*** Opening Supplied records ***

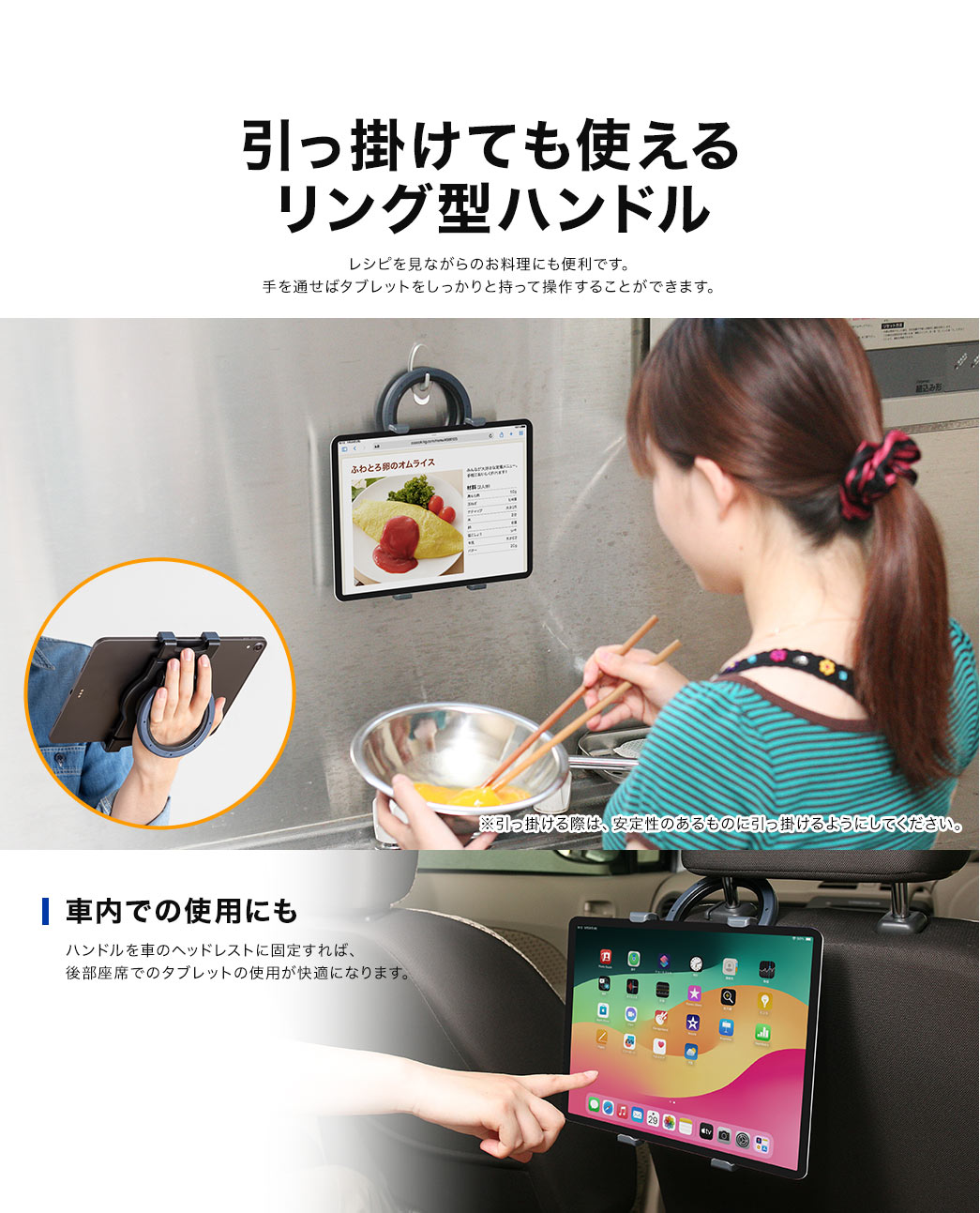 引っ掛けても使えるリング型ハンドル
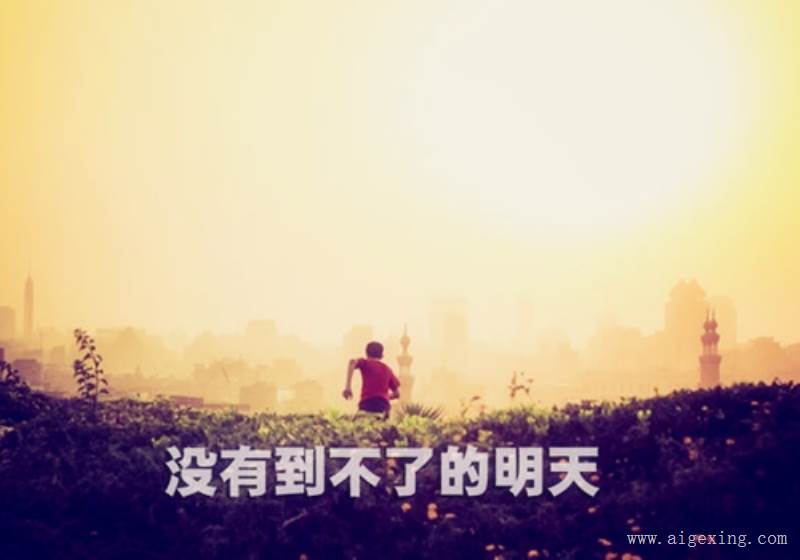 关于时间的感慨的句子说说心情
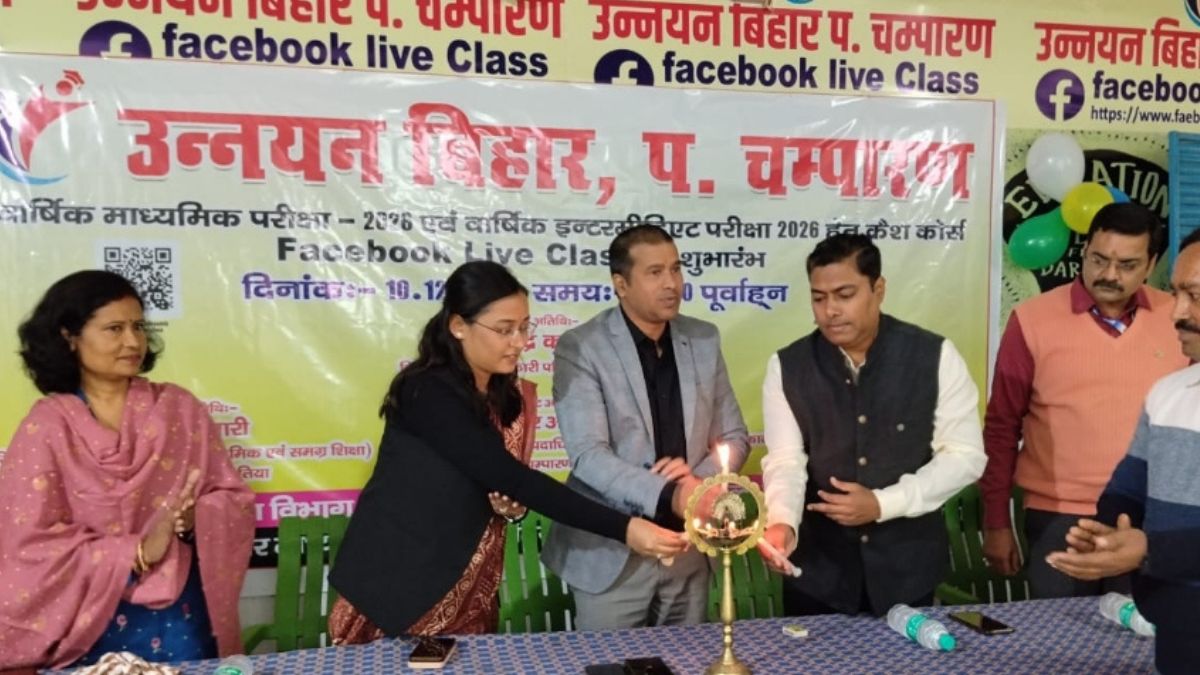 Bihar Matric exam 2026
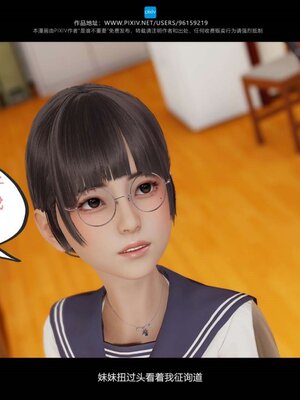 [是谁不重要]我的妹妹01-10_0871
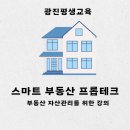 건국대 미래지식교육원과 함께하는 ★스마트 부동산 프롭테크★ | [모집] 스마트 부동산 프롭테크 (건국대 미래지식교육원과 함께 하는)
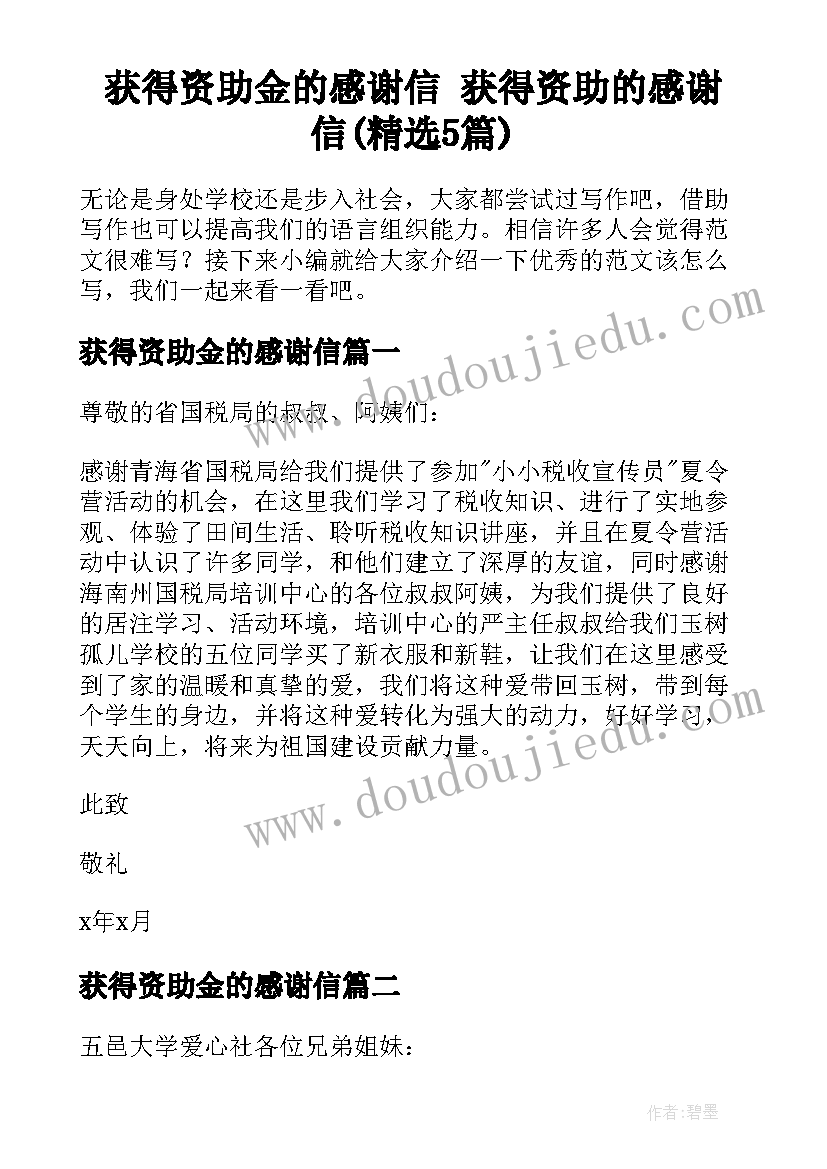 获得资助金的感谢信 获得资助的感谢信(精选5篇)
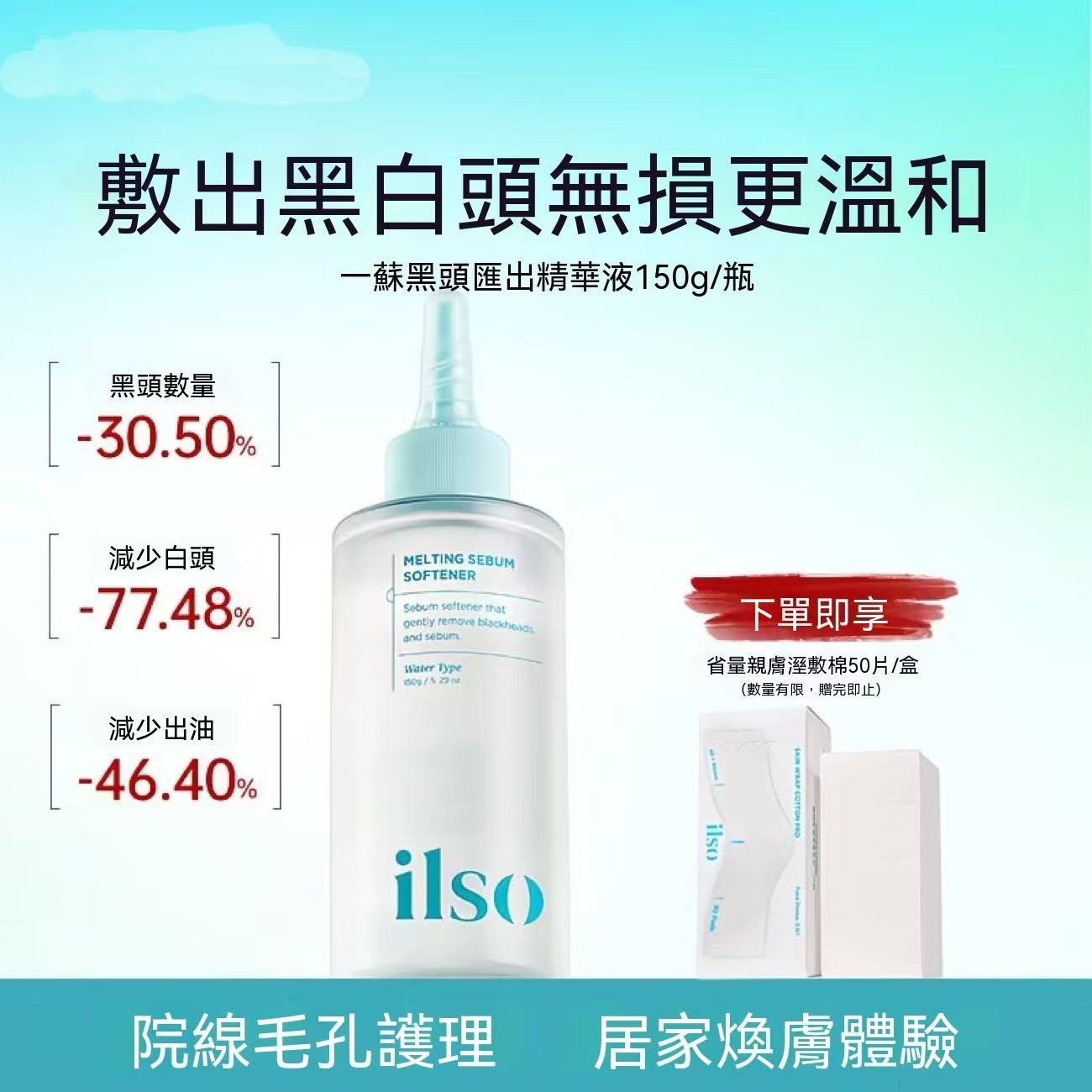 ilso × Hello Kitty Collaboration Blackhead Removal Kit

*** Closing Supplied records ***

Please write out all the entries above again exactly as they appear, skipping any images.

 引っ掛けても使えるリング型ハンドル
 关于时间的感慨的句子说说心情
 Bihar Matric exam 2026
 [是谁不重要]我的妹妹01-10_0871
 건국대 미래지식교육원과 함께하는 ★스마트 부동산 프롭테크★ | [모집] 스마트 부동산 프롭테크 (건국대 미래지식교육원과 함께 하는)
 获得资助金的感谢信 获得资助的感谢信(精选5篇)
 ilso × Hello Kitty Collaboration Blackhead Removal Kit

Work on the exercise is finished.